| EXCERPTED DATA |
___
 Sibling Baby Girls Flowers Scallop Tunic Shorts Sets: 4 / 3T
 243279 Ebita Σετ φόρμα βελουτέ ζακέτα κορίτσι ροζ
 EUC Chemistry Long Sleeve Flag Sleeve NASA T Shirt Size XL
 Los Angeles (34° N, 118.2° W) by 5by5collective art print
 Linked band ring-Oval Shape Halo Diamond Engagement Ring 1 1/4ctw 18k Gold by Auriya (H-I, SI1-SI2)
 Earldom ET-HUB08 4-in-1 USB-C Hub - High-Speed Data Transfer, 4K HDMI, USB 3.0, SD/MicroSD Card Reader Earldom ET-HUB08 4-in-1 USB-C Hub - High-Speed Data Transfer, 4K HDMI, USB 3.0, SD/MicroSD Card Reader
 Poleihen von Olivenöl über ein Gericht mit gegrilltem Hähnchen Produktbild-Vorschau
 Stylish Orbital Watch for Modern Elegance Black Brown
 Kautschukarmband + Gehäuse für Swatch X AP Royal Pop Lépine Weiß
___
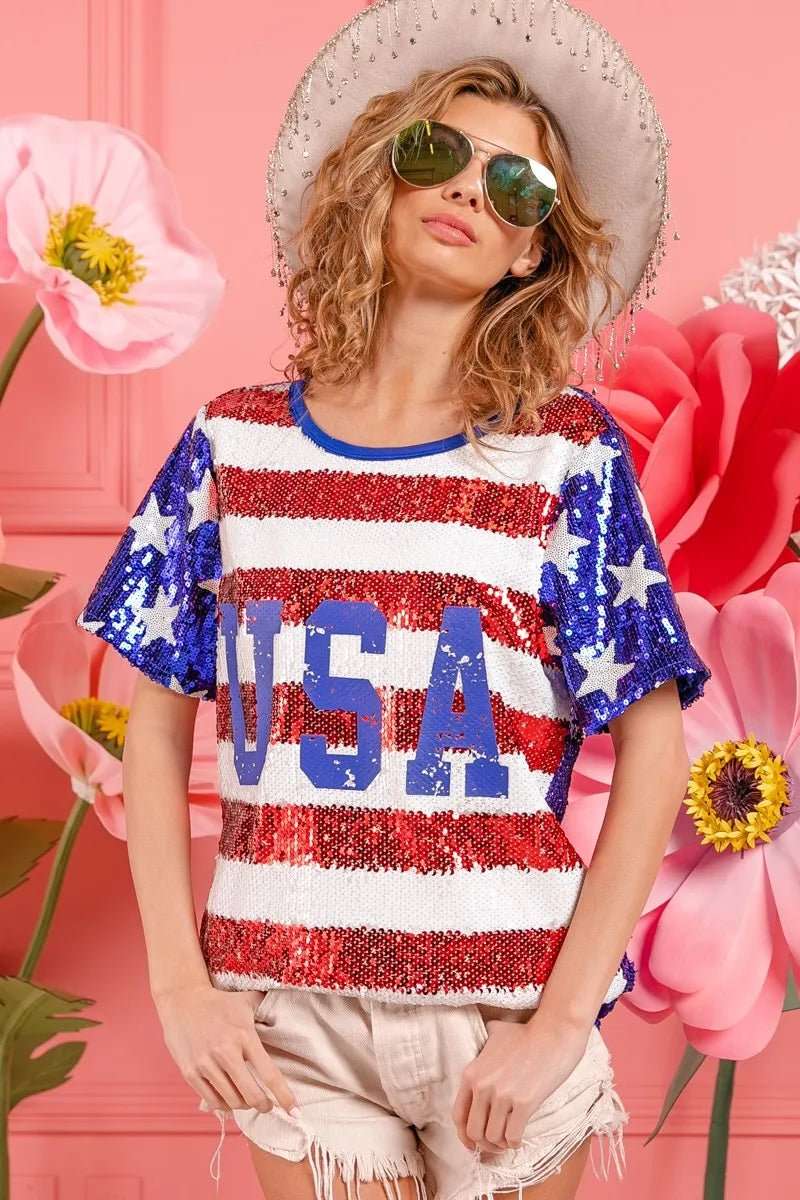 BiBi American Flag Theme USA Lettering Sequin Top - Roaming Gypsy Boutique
___
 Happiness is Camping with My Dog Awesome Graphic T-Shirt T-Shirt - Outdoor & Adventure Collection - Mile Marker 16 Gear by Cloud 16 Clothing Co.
___
| EXERCISE OBJECTIVE |
Your answer should consist solely of the lines above from the line with "Sibling Baby Girls" to the line with "Kautschukarmband + Gehäuse", both included, reproduced exactly.

| EXERCISE RESPONSE |
 Sibling Baby Girls Flowers Scallop Tunic Shorts Sets: 4 / 3T
 243279 Ebita Σετ φόρμα βελουτέ ζακέτα κορίτσι ροζ
 EUC Chemistry Long Sleeve Flag Sleeve NASA T Shirt Size XL
 Los Angeles (34° N, 118.2° W) by 5by5collective art print
 Linked band ring-Oval Shape Halo Diamond Engagement Ring 1 1/4ctw 18k Gold by Auriya (H-I, SI1-SI2)
 Earldom ET-HUB08 4-in-1 USB-C Hub - High-Speed Data Transfer, 4K HDMI, USB 3.0, SD/MicroSD Card Reader Earldom ET-HUB08 4-in-1 USB-C Hub - High-Speed Data Transfer, 4K HDMI, USB 3.0, SD/MicroSD Card Reader
 Poleihen von Olivenöl über ein Gericht mit gegrilltem Hähnchen Produktbild-Vorschau
 Stylish Orbital Watch for Modern Elegance Black Brown
 Kautschukarmband + Gehäuse für Swatch X AP Royal Pop Lépine Weiß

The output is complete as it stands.